A vastly underexplored topic is the British government’s role in greasing the skids for World War I. Until recently it was hard to find scholars who would dispute the culturally comfortable judgment that “authoritarian Germany” unleashed the Great War out of militaristic arrogance. Supposedly the British only got involved after the Germans recklessly violated Belgian neutrality on their way to conquering “democratic“ France.
But British Foreign Secretary Sir Edward Grey had done everything in his power to isolate the Germans and their Austro-Hungarian allies, who were justified in their concern about being surrounded by enemies. The Triple Entente, largely constructed by Grey’s government and which drew the French and Russians into a far-reaching alliance, encircled Germany and Austria with warlike foes. In July 1914 German leaders felt forced to back their Austrian allies in a war against the Serbs, who were then a Russian client state. It was clear by then that this conflict would require the Germans to fight both Russia and France.
The German military fatalistically accepted the possibility of England entering the struggle against them. This might have happened even if the Germans had not violated Belgian soil in order to knock out the French before sending their armies eastward to deal with a massive Russian invasion. The English were anything but neutral. In the summer of 1914 their government was about to sign a military alliance with Russia calling for a joint operation against German Pomerania in case of a general war.

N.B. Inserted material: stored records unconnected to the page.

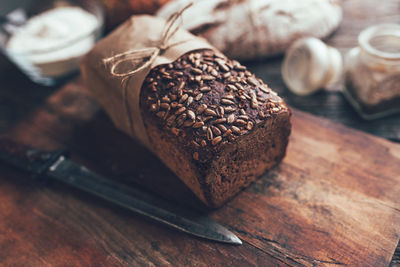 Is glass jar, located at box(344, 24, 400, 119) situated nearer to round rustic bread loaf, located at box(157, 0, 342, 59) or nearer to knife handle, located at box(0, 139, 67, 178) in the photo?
round rustic bread loaf, located at box(157, 0, 342, 59)

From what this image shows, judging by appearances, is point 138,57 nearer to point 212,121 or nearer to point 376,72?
point 212,121

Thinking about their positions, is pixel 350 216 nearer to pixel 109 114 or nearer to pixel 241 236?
pixel 241 236

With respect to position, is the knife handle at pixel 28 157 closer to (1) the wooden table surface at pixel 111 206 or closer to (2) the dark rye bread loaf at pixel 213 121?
(1) the wooden table surface at pixel 111 206

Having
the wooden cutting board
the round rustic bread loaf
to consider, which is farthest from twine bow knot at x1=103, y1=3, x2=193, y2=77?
the round rustic bread loaf

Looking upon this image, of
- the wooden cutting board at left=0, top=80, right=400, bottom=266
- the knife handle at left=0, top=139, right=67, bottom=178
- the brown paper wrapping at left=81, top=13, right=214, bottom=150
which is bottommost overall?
the wooden cutting board at left=0, top=80, right=400, bottom=266

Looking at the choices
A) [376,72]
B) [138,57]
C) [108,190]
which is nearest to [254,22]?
[376,72]

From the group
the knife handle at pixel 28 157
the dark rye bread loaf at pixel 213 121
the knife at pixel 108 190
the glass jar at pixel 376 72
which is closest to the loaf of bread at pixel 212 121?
the dark rye bread loaf at pixel 213 121

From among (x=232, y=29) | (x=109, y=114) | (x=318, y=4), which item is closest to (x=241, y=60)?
(x=232, y=29) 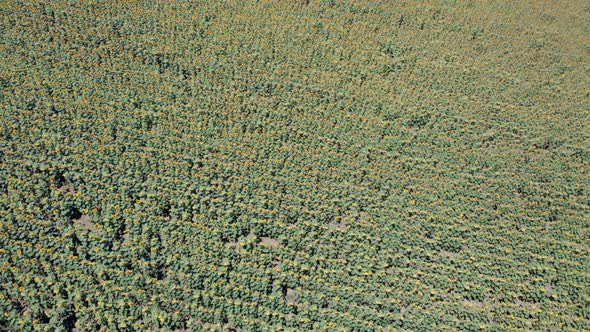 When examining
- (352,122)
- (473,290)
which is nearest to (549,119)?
(352,122)

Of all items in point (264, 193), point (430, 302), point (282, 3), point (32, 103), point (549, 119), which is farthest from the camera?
point (282, 3)

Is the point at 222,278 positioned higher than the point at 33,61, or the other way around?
the point at 33,61

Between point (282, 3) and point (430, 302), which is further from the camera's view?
point (282, 3)

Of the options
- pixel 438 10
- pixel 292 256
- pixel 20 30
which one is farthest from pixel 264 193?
pixel 438 10

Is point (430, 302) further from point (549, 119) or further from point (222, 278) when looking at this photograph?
point (549, 119)

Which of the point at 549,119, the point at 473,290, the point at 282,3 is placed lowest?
the point at 473,290

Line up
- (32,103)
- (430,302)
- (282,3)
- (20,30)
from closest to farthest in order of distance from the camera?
(430,302)
(32,103)
(20,30)
(282,3) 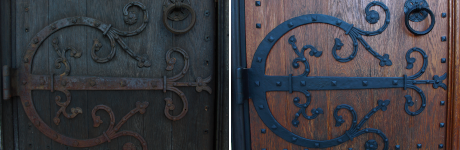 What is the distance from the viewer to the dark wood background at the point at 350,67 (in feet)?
3.03

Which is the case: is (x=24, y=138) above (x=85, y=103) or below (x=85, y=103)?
below

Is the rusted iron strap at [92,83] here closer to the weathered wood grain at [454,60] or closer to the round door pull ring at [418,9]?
the round door pull ring at [418,9]

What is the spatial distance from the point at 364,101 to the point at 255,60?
0.48m

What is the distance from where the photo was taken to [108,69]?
0.95 m

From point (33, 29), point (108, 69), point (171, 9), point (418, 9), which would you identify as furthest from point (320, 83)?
point (33, 29)

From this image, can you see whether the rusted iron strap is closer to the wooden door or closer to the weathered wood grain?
the wooden door

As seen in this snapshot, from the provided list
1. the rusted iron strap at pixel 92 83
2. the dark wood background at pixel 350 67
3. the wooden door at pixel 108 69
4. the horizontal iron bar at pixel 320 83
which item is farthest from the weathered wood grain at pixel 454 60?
the rusted iron strap at pixel 92 83

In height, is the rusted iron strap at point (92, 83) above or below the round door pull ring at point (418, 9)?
below

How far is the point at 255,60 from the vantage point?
919 millimetres

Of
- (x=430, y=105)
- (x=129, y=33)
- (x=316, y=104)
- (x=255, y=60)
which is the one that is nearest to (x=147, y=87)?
(x=129, y=33)

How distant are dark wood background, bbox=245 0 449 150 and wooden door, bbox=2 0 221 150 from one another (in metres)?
0.25

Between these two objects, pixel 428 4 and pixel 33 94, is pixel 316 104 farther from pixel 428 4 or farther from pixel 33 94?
pixel 33 94

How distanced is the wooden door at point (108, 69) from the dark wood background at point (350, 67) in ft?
0.82

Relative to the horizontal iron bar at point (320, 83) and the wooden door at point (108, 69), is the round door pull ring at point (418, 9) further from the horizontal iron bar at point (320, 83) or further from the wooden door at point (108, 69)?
the wooden door at point (108, 69) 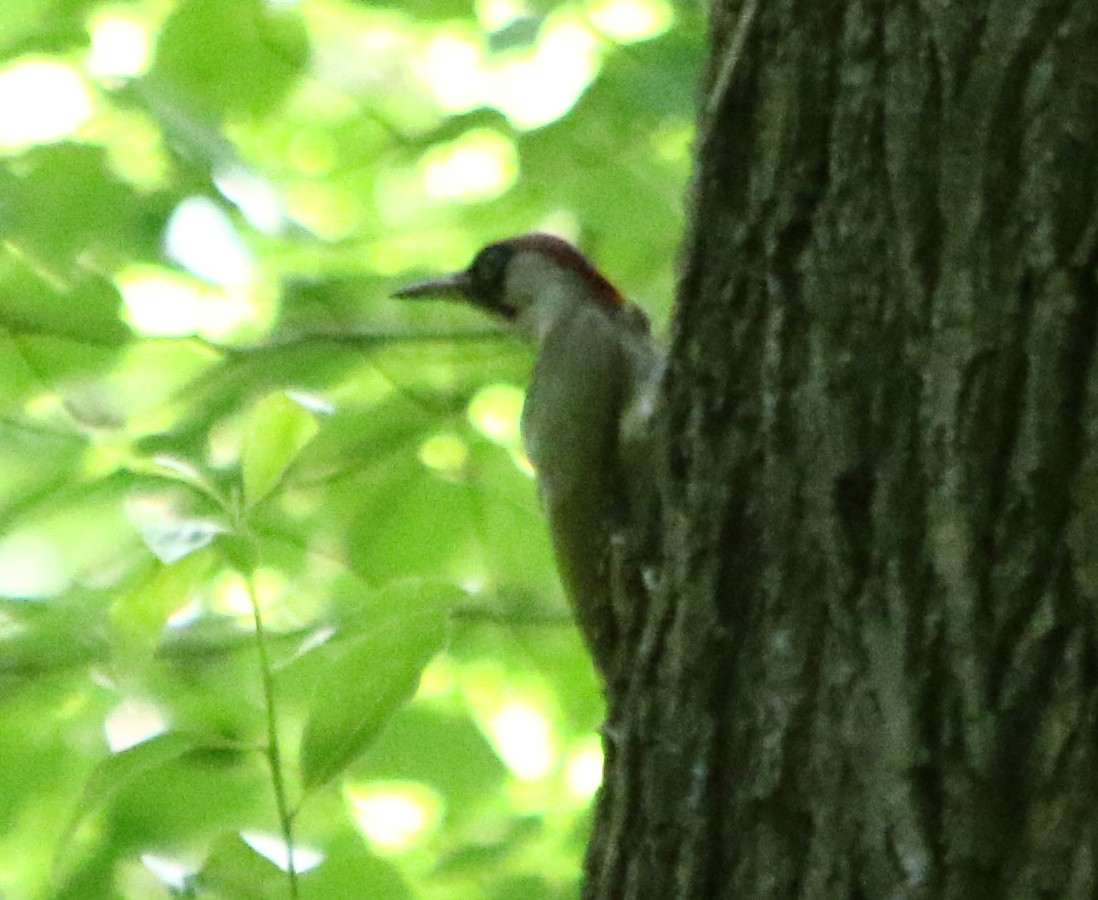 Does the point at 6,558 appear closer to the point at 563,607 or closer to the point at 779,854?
the point at 563,607

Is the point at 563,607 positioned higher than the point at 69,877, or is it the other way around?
the point at 563,607

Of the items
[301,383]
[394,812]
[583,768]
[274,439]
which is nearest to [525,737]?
[583,768]

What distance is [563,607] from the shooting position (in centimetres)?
271

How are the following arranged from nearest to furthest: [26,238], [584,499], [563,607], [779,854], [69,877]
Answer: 1. [779,854]
2. [584,499]
3. [69,877]
4. [26,238]
5. [563,607]

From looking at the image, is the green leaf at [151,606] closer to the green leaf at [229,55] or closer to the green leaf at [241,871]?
the green leaf at [241,871]

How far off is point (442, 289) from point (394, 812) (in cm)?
88

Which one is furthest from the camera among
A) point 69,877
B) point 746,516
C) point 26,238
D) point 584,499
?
point 26,238

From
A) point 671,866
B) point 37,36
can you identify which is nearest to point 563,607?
point 37,36

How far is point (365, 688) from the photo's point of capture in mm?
1468

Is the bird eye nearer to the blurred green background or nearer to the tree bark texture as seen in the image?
the blurred green background

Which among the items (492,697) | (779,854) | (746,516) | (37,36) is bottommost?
(779,854)

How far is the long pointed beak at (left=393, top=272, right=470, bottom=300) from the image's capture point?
7.83ft

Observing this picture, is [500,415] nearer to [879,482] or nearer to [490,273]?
[490,273]

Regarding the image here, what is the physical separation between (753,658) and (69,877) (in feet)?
4.00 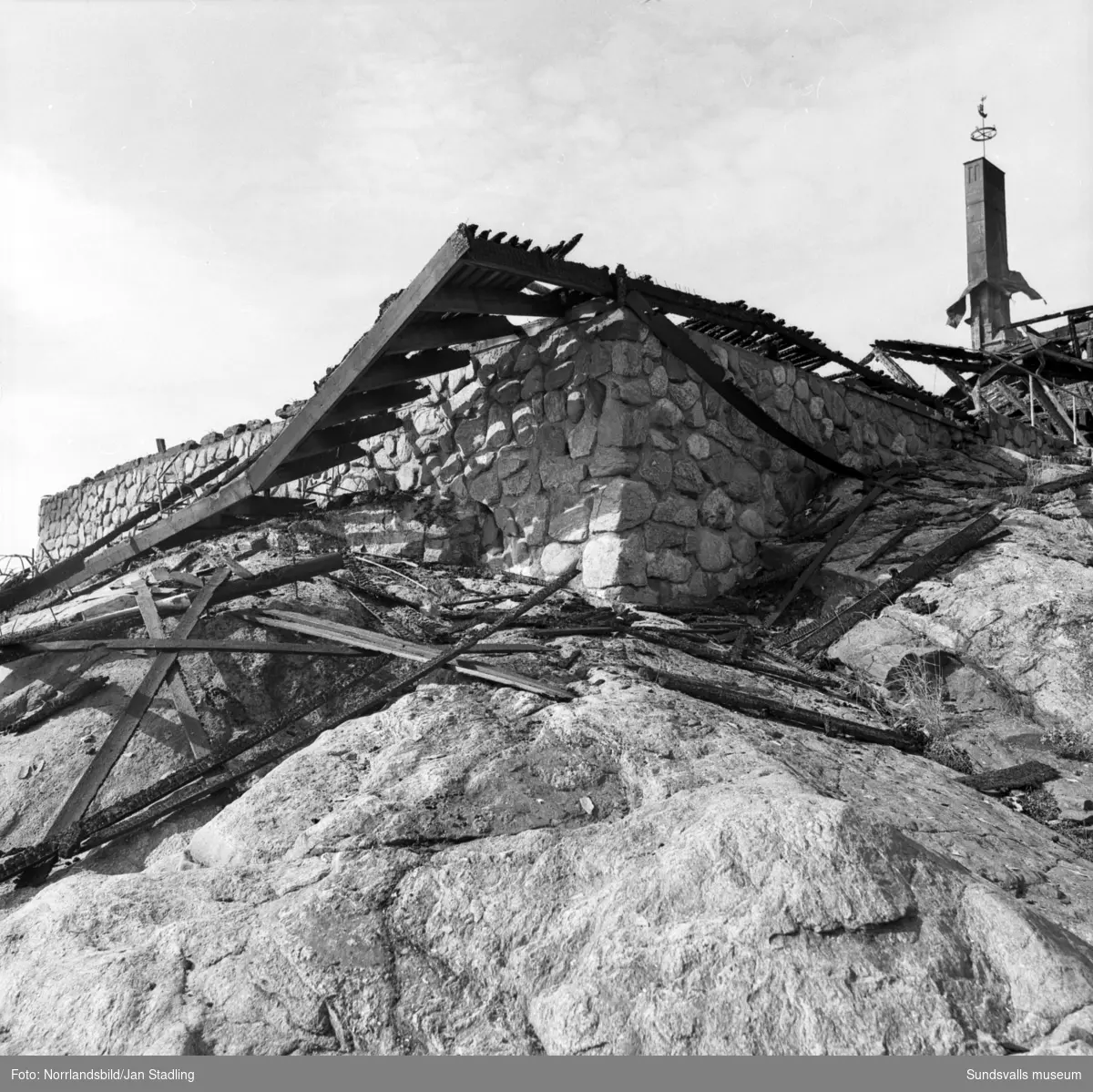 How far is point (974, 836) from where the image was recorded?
367 centimetres

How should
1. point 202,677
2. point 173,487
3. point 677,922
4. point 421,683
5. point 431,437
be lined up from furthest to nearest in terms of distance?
point 173,487, point 431,437, point 202,677, point 421,683, point 677,922

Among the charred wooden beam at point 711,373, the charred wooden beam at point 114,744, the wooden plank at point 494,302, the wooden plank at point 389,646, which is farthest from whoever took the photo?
the charred wooden beam at point 711,373

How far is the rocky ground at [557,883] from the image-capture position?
2.51 metres

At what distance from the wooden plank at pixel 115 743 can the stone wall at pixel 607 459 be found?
2.43 m

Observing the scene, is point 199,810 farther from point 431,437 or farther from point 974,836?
point 431,437

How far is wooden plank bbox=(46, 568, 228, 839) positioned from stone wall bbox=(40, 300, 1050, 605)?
7.96 feet

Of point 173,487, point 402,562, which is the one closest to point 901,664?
point 402,562

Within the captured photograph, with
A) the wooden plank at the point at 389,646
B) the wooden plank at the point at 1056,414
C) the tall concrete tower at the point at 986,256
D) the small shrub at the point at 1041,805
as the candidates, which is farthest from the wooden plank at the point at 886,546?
the tall concrete tower at the point at 986,256

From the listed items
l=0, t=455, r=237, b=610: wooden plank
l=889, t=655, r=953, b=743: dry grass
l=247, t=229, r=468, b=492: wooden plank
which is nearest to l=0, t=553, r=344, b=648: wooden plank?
l=247, t=229, r=468, b=492: wooden plank

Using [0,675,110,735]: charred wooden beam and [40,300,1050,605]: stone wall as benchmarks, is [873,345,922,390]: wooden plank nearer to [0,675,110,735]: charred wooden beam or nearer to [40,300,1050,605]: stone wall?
[40,300,1050,605]: stone wall

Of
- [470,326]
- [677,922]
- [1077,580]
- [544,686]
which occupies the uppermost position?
[470,326]

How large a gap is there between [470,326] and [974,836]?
4343 mm

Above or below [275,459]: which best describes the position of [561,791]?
below

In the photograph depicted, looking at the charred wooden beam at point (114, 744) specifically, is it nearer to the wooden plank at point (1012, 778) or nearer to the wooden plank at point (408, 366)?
the wooden plank at point (408, 366) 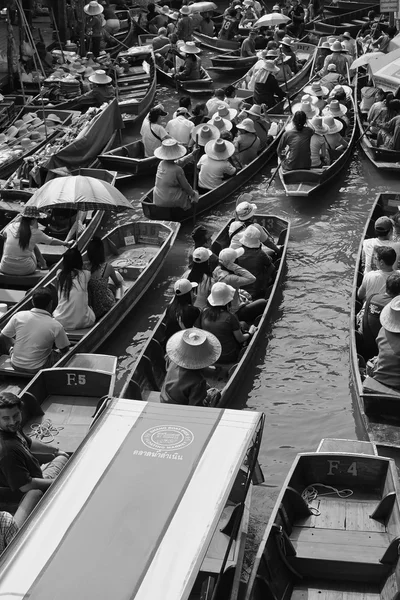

The British had also given assurances to French foreign minister Théophile Delcassé that they would back the French and the Russians (who had been allied since 1891) if war broke out with Germany.
Grey spurned attempts by German Chancellor Theobald von Bethmann-Hollweg to woo his government away from their commitments to Germany’s enemies.
German concessions in 1912 included:
• The acceptance of British dominance in constructing railroads and accessing oil reserves in what is now Iraq
• Investments in central African ventures that would clearly benefit the English more than the Germans
• Meekly following England’s lead in two Balkan Wars where Austria’s enemy Serbia nearly doubled its territory.
The Russians and French were also vastly expanding their conscription to outnumber the German and Austrian forces, but neither German concessions nor the saber-rattling of England’s continental allies caused the British government to change direction. Lord Grey, who remained foreign secretary until 1916, never swerved from his view that Germany was England’s most dangerous enemy.
A book that makes this clear is Konrad Canis’s study of German foreign policy from 1902 until 1914. A massive volume of more than seven hundred pages, Canis’s Der Weg in den Abgrund (The Road Into the Abyss) is a groundbreaking revisionist account of the entanglements leading up to the war.